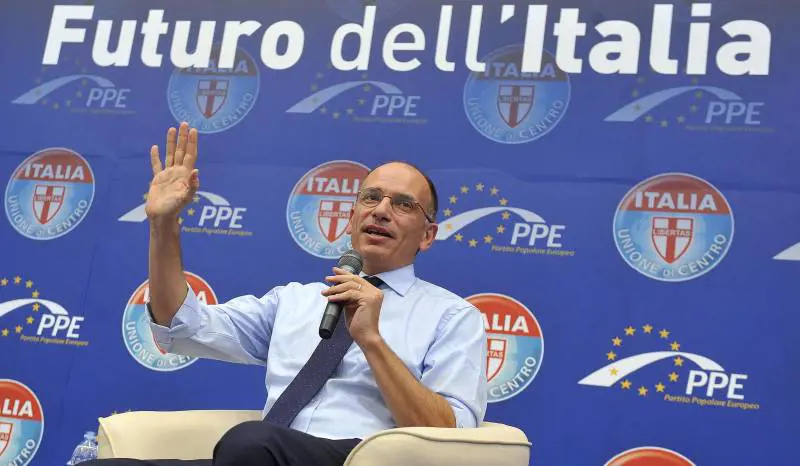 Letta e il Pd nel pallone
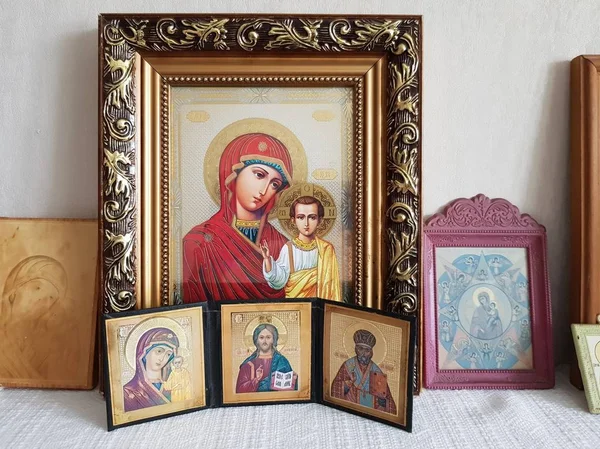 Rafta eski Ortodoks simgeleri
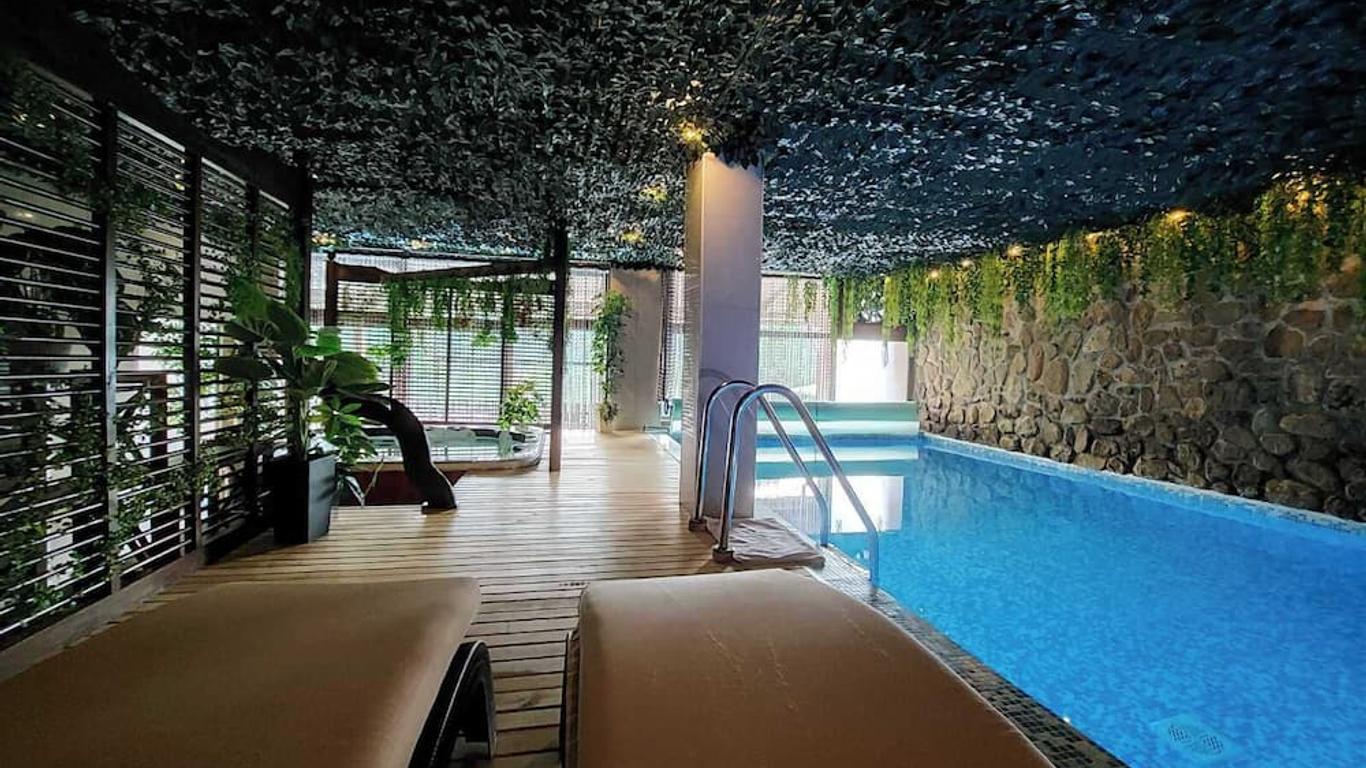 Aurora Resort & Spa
...
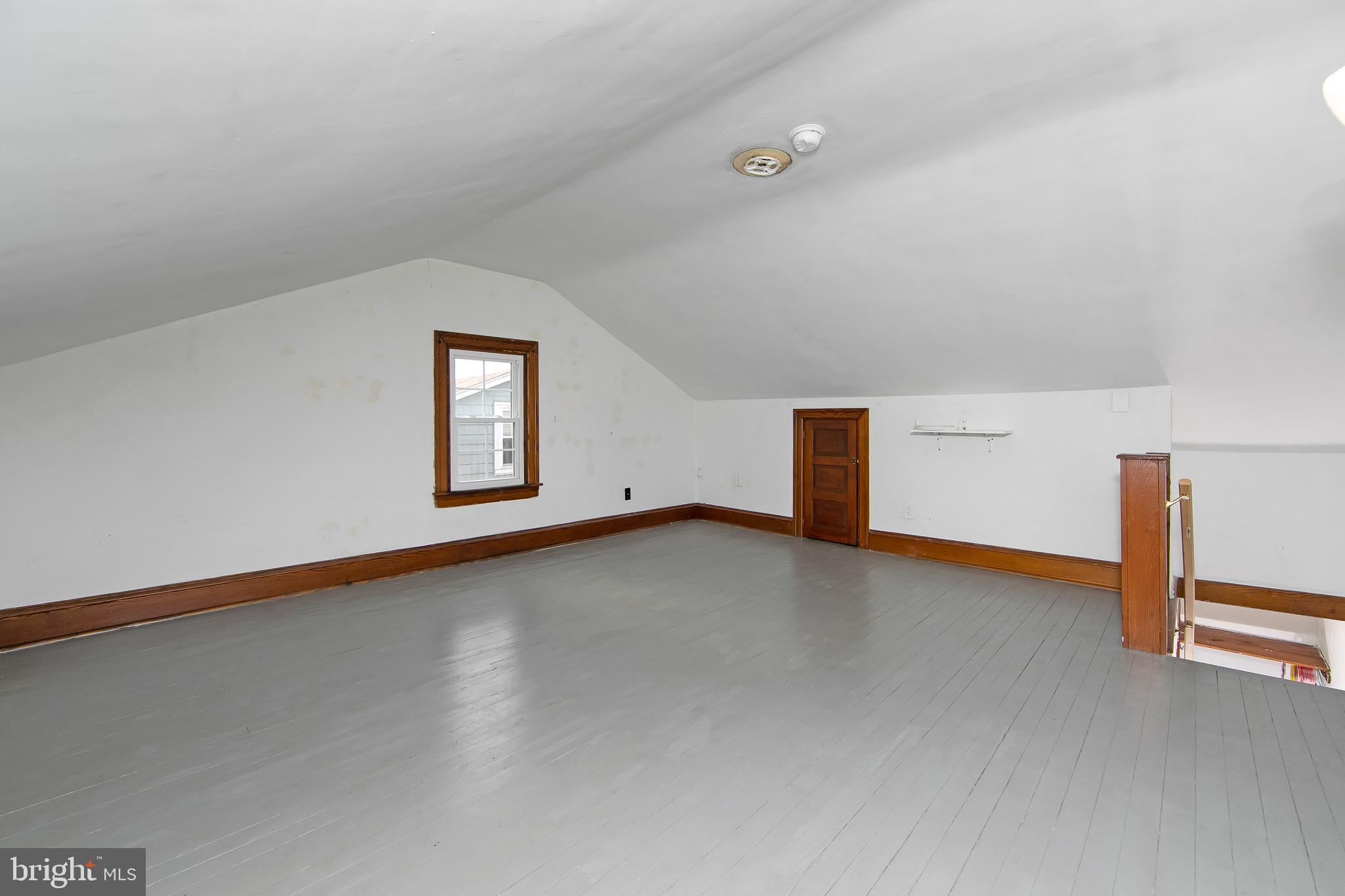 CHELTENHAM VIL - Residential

What you should do: From the listing above, please give again the lines that begin with the line holding "Rafta eski Ortodoks simgeleri" and go on through the line holding "Aurora Resort & Spa", exactly, both ends included, minus any picture.

Answer:
 Rafta eski Ortodoks simgeleri
 Aurora Resort & Spa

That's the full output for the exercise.